1.3 Using this Manual

This manual consists of three parts. Part one is the "NMRanalyst User Manual". It begins with CHAPTER 1: "Overview". It proceeds to the software installation (CHAPTER 2: "NMRanalyst Installation"). Then five "recipe style" tutorials (CHAPTER 3: "Tutorial I: Using NMRanalyst", CHAPTER 4: "Tutorial II: Setting Analysis Parameters", CHAPTER 5: "Tutorial III: Combining Analysis Results", CHAPTER 6: "Tutorial IV: Advanced Structure Elucidation", and CHAPTER 7: "Tutorial V: Additional NMRanalyst Features") cover using this software effectively. It is highly recommended to work through the tutorials using the software before analyzing and interpreting research datasets.

Part two of this manual is the "NMRanalyst Reference Manual" (starting with CHAPTER 8: "Using the Help System"). It covers all the software features and should be consulted for specific questions.
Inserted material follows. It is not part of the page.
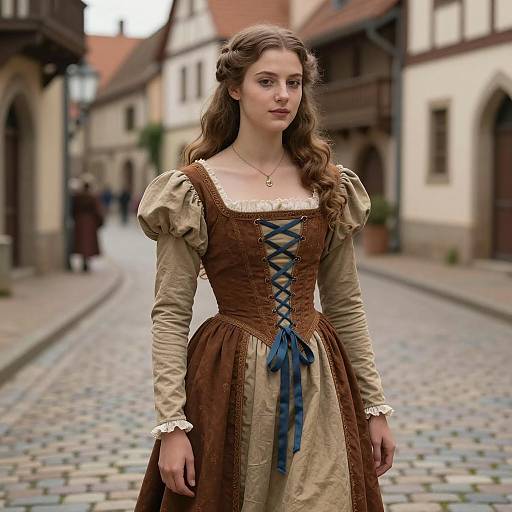 Young Woman in Medieval Dress on Cobblestone Street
Part three of this manual is the appendix. It contains the FAQ list (CHAPTER 21: "Frequently Asked Questions"). To find answers, also consult the detailed index.

1.4 Typographic and Keyboard Conventions

Words typeset in:


indicate hypertext links (which might not show in the printed manual). Click on them to locate related information.
Typewriter style
indicates computer terms such as program input and output, shell variables, or command names.

Command line examples are prefixed by a letter indicating the required user privileges:

# execute command with super user (root) privileges,

% execute command with user privileges.

Keyboard keys and user interface buttons or switches are shown in square brackets such as [Enter].

1Reinhard Dunkel, Xinzi Wu, Identification of organic molecules from a structure database using proton and carbon NMR analysis results, Journal of Magnetic Resonance 188 (2007) 97-110.